Anyone got a triple that they have buried in the garage/shed?
Much appreciated if anyone can find one


----------



## ColinJ (3 Mar 2015)

I know you are probably looking for very cheap (or free) but if you can afford to spend £90 (or less) you can buy a nice Stronglight triple chainset from Spa Cycles and a Shimano UN55 from Chain Reaction Cycles. I did that when I put a triple on my Cannondale last year and it works beautifully. Looks good too!


----------



## coco69 (3 Mar 2015)

Got an ultegra 6703 170mm length


----------



## Deleted member 23692 (3 Mar 2015)

I've got a circa 2011 Shimano FC-R453 (50x39x30) 170mm cranks complete with Octalink ES-25 BB if your interested. 

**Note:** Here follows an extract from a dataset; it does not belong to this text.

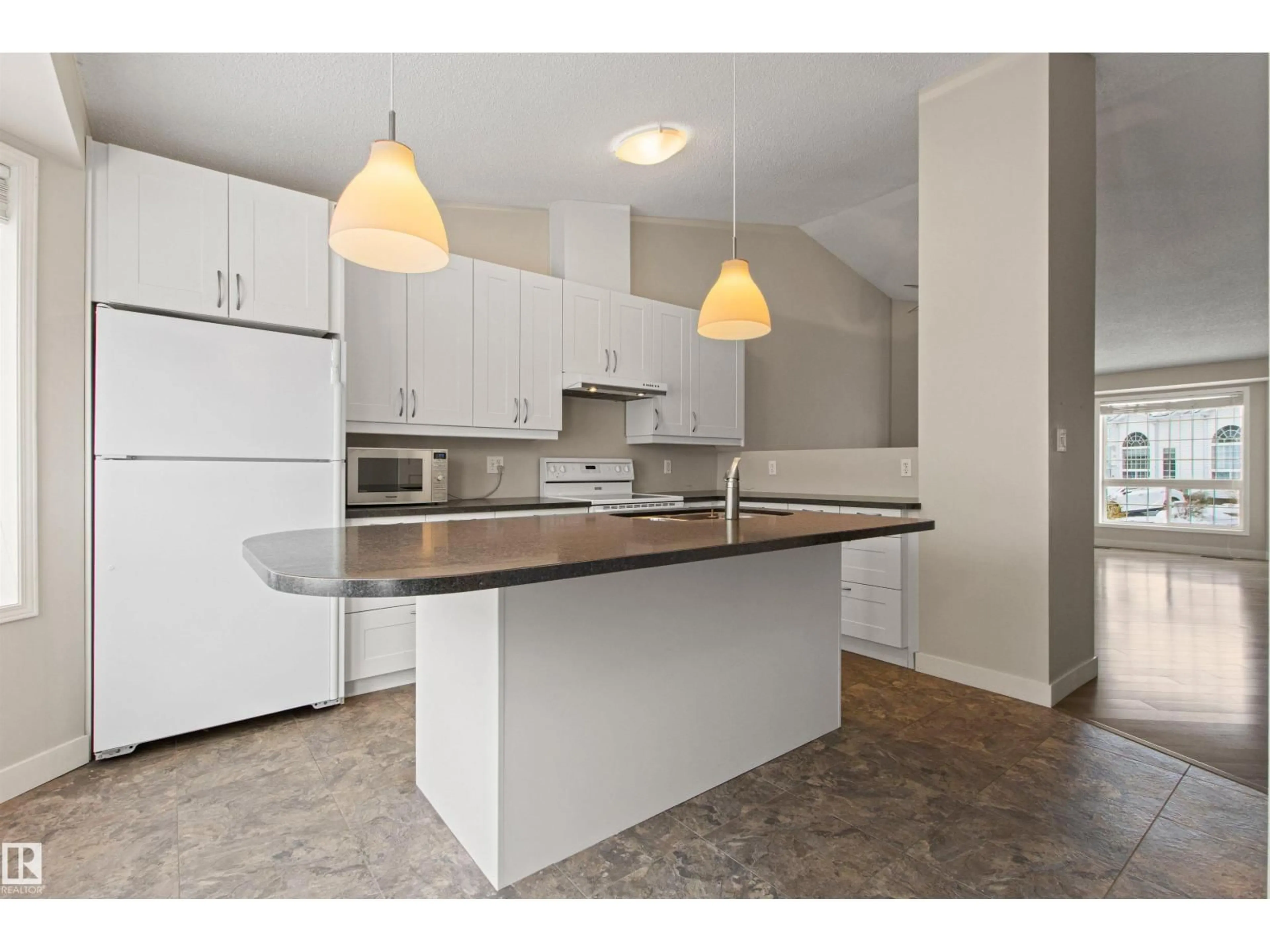 Open concept kitchen, unknown for #23 - 3311 58 ST, Edmonton Alberta T6L6X3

They are an 'non-series' OE fitment that sits between Tiagra and Sora. It uses the same chainrings as the Tiagra FC-4503 triple chainset. Very little usage and plenty of life left in the BB and rings




£30 delivered (UK mainland)


----------



## phil_hg_uk (3 Mar 2015)

ColinJ said:


> I know you are probably looking for very cheap (or free) but if you can afford to spend £90 (or less) you can buy a nice Stronglight triple chainset from Spa Cycles and a Shimano UN55 from Chain Reaction Cycles. I did that when I put a triple on my Cannondale last year and it works beautifully. Looks good too!



I only paid £75.39 for my 105 Triple chainset from ribble last month.


----------



## ColinJ (3 Mar 2015)

phil_hg_uk said:


> I only paid £75.39 for my 105 Triple chainset from ribble last month.

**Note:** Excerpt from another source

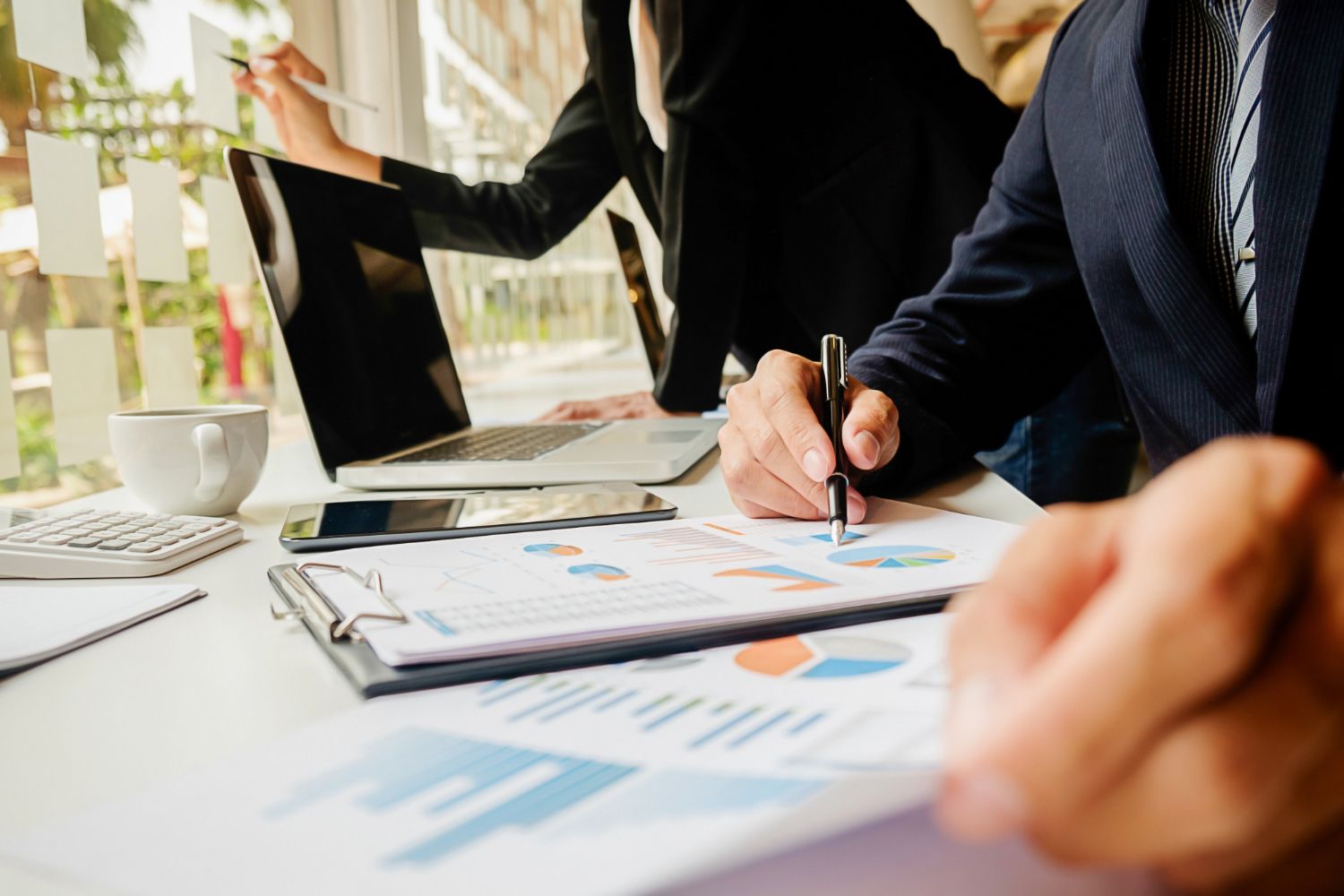Business meeting with hands reviewing charts and documents around a laptop on a conference table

I was allowing extra for the bottom bracket - the chainset itself was £75.

Spa are currently doing this triple chainset for £35 but crank bolts and bottom bracket would have to be added to that. Ffoeg's offer sounds very good!


----------



## broady (4 Mar 2015)

@Ffoeg 
I've never had the octolink ones before. Just the square taper ones and the hollowtech ones.
What size is the bb on it? And what thread?


----------



## Deleted member 23692 (4 Mar 2015)

@broady it's a pretty much standard 68mm with an English thread.


----------



## broady (15 Mar 2015)

@Ffoeg 
Pm sent


----------



## broady (18 Mar 2015)

Received today and hoping to fit tonight and then try it on Thursday 
Thanks @Ffoeg


----------



## Deleted member 23692 (18 Mar 2015)

Glad it arrived OK

Happy fettling


----------